Index: llvm/lib/Target/ARM/ARMISelLowering.h
===================================================================
--- llvm/lib/Target/ARM/ARMISelLowering.h
+++ llvm/lib/Target/ARM/ARMISelLowering.h
@@ -736,16 +736,7 @@
     SDValue BuildSDIVPow2(SDNode *N, const APInt &Divisor, SelectionDAG &DAG,
                           SmallVectorImpl<SDNode *> &Created) const override;
 
-    /// isFMAFasterThanFMulAndFAdd - Return true if an FMA operation is faster
-    /// than a pair of fmul and fadd instructions. fmuladd intrinsics will be
-    /// expanded to FMAs when this method returns true, otherwise fmuladd is
-    /// expanded to fmul + fadd.
-    ///
-    /// ARM supports both fused and unfused multiply-add operations; we already
-    /// lower a pair of fmul and fadd to the latter so it's not clear that there
-    /// would be a gain or that the gain would be worthwhile enough to risk
-    /// correctness bugs.
-    bool isFMAFasterThanFMulAndFAdd(EVT VT) const override { return false; }
+    bool isFMAFasterThanFMulAndFAdd(EVT VT) const override;
 
     SDValue ReconstructShuffle(SDValue Op, SelectionDAG &DAG) const;
 
Index: llvm/lib/Target/ARM/ARMISelLowering.cpp
===================================================================
--- llvm/lib/Target/ARM/ARMISelLowering.cpp
+++ llvm/lib/Target/ARM/ARMISelLowering.cpp
@@ -15005,6 +15005,36 @@
   return -1;
 }
 
+/// isFMAFasterThanFMulAndFAdd - Return true if an FMA operation is faster
+/// than a pair of fmul and fadd instructions. fmuladd intrinsics will be
+/// expanded to FMAs when this method returns true, otherwise fmuladd is
+/// expanded to fmul + fadd.
+///
+/// ARM supports both fused and unfused multiply-add operations; we already
+/// lower a pair of fmul and fadd to the latter so it's not clear that there
+/// would be a gain or that the gain would be worthwhile enough to risk
+/// correctness bugs.
+///
+/// For MVE, we set this to true as it helps simplify the need for some
+/// patterns (and we don't have the non-fused floating point instruction).

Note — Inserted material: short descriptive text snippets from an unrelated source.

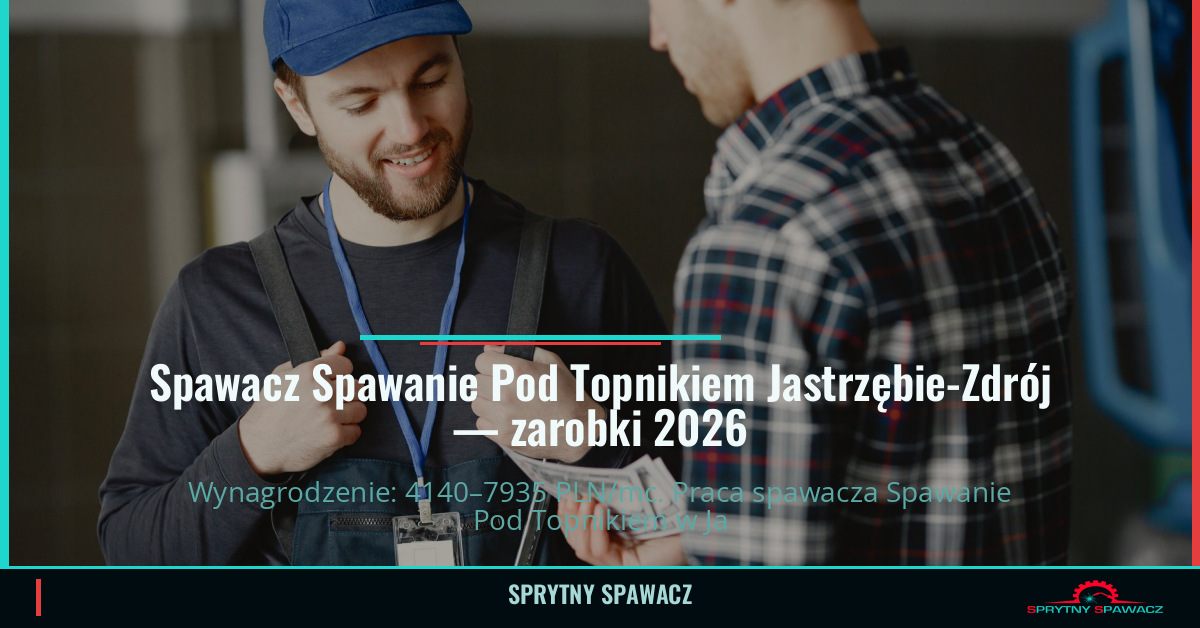 Zarobki spawacza Spawanie Pod Topnikiem w Jastrzębie-Zdrój 1 Spawacz Spawanie Pod Topnikiem Jastrzębie-Zdrój — zarobki 4140–7935 PLN/mc — SprytnySpawacz.pl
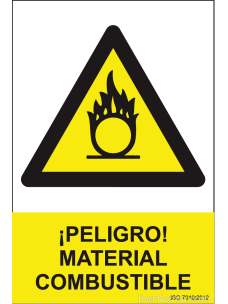 Señal ¡Peligro! Material combustible - PVC - NMZ (Normaluz)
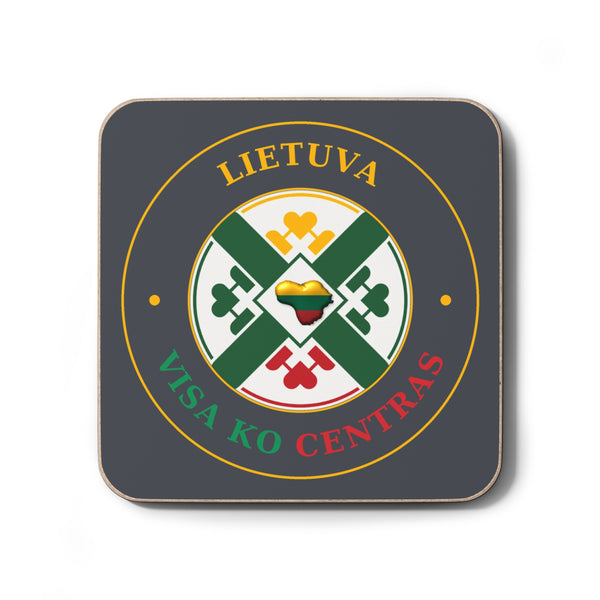 Lithuania Center of It All Hardboard Back Coaster, Design 2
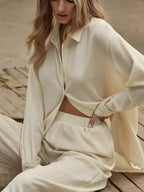 Women's Outfit Set Long Sleeve Shirt and Pants Set Pocketed Lightweight Two-piec 6970509629e548d7b74df69c436deacc-Max-Origin Trendsi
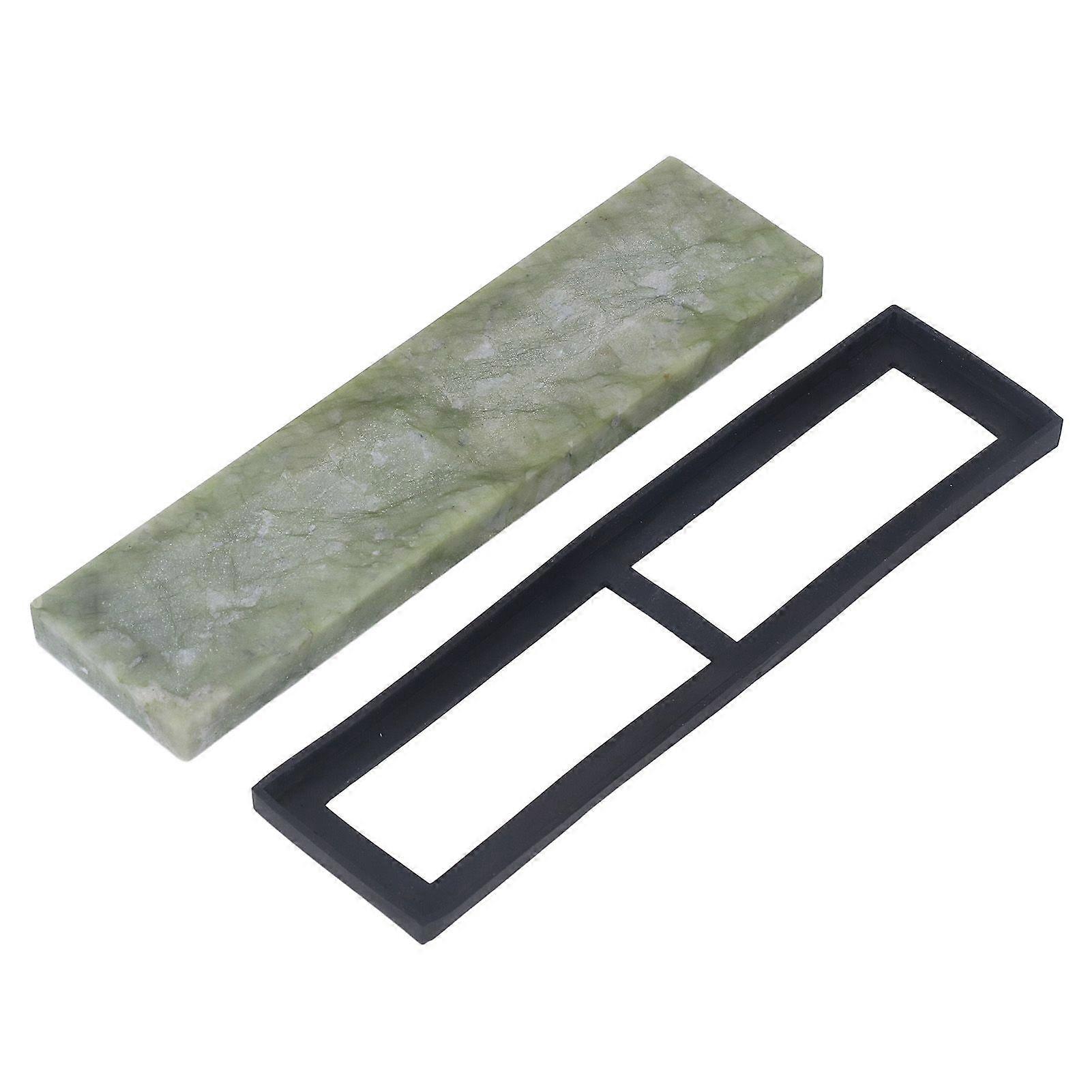10000 Grit Knife Sharpening Stone with Rubber Base Beautiful Emerald Blade Whetstone for Home Restaurant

+bool ARMTargetLowering::isFMAFasterThanFMulAndFAdd(EVT VT) const {
+  if (!Subtarget->hasMVEFloatOps())
+    return false;
+
+  if (!VT.isSimple())
+    return false;
+
+  switch (VT.getSimpleVT().SimpleTy) {
+  case MVT::v4f32:
+  case MVT::v8f16:
+    return true;
+  default:
+    break;
+  }
+
+  return false;
+}
+
 static bool isLegalT1AddressImmediate(int64_t V, EVT VT) {
   if (V < 0)
     return false;
Index: llvm/lib/Target/ARM/ARMInstrMVE.td
===================================================================
--- llvm/lib/Target/ARM/ARMInstrMVE.td
+++ llvm/lib/Target/ARM/ARMInstrMVE.td
@@ -2786,31 +2786,15 @@
 def MVE_VFMSf16 : MVE_VADDSUBFMA_fp<"vfms", "f16", 0b1, 0b1, 0b0, 0b1, v8f16,
     (ins MQPR:$Qd_src), vpred_n, "$Qd = $Qd_src">;
 
-let Predicates = [HasMVEFloat, UseFusedMAC] in {
-  def : Pat<(v8f16 (fadd (v8f16 MQPR:$src1),
-                             (fmul (v8f16 MQPR:$src2),
-                                      (v8f16 MQPR:$src3)))),
-            (v8f16 (MVE_VFMAf16 $src1, $src2, $src3))>;
-  def : Pat<(v4f32 (fadd (v4f32 MQPR:$src1),
-                             (fmul (v4f32 MQPR:$src2),
-                                      (v4f32 MQPR:$src3)))),
-            (v4f32 (MVE_VFMAf32 $src1, $src2, $src3))>;
-
-  def : Pat<(v8f16 (fsub (v8f16 MQPR:$src1),
-                             (fmul (v8f16 MQPR:$src2),
-                                      (v8f16 MQPR:$src3)))),
-            (v8f16 (MVE_VFMSf16 $src1, $src2, $src3))>;
-  def : Pat<(v4f32 (fsub (v4f32 MQPR:$src1),
-                             (fmul (v4f32 MQPR:$src2),
-                                      (v4f32 MQPR:$src3)))),
-            (v4f32 (MVE_VFMSf32 $src1, $src2, $src3))>;
-}
-
 let Predicates = [HasMVEFloat] in {
   def : Pat<(v8f16 (fma (v8f16 MQPR:$src1), (v8f16 MQPR:$src2), (v8f16 MQPR:$src3))),
             (v8f16 (MVE_VFMAf16 $src3, $src1, $src2))>;
   def : Pat<(v4f32 (fma (v4f32 MQPR:$src1), (v4f32 MQPR:$src2), (v4f32 MQPR:$src3))),
             (v4f32 (MVE_VFMAf32 $src3, $src1, $src2))>;
+  def : Pat<(v8f16 (fma (fneg (v8f16 MQPR:$src1)), (v8f16 MQPR:$src2), (v8f16 MQPR:$src3))),
+            (v8f16 (MVE_VFMSf16 $src3, $src1, $src2))>;
+  def : Pat<(v4f32 (fma (fneg (v4f32 MQPR:$src1)), (v4f32 MQPR:$src2), (v4f32 MQPR:$src3))),
+            (v4f32 (MVE_VFMSf32 $src3, $src1, $src2))>;
 }